Task to complete: Copy, word for word, each line of the data below from the first through the line containing "5347 Cappleman Loop", and stop there.

[Records from a data source]
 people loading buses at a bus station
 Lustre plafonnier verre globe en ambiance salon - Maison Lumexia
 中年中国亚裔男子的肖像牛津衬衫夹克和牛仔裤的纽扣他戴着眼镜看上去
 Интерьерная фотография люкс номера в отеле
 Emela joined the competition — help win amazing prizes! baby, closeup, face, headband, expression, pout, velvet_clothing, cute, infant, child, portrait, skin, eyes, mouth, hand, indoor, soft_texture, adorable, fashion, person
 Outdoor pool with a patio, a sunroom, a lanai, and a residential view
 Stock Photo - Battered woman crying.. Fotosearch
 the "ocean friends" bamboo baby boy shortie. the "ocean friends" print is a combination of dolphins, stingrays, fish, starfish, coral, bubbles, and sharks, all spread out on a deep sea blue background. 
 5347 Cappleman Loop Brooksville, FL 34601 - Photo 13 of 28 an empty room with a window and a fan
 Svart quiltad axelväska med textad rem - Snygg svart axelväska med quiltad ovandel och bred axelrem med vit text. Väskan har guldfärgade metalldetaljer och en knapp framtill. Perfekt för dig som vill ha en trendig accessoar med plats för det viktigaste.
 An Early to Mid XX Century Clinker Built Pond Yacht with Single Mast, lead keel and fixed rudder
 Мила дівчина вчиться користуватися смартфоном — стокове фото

Answer section:
 people loading buses at a bus station
 Lustre plafonnier verre globe en ambiance salon - Maison Lumexia
 中年中国亚裔男子的肖像牛津衬衫夹克和牛仔裤的纽扣他戴着眼镜看上去
 Интерьерная фотография люкс номера в отеле
 Emela joined the competition — help win amazing prizes! baby, closeup, face, headband, expression, pout, velvet_clothing, cute, infant, child, portrait, skin, eyes, mouth, hand, indoor, soft_texture, adorable, fashion, person
 Outdoor pool with a patio, a sunroom, a lanai, and a residential view
 Stock Photo - Battered woman crying.. Fotosearch
 the "ocean friends" bamboo baby boy shortie. the "ocean friends" print is a combination of dolphins, stingrays, fish, starfish, coral, bubbles, and sharks, all spread out on a deep sea blue background. 
 5347 Cappleman Loop Brooksville, FL 34601 - Photo 13 of 28 an empty room with a window and a fan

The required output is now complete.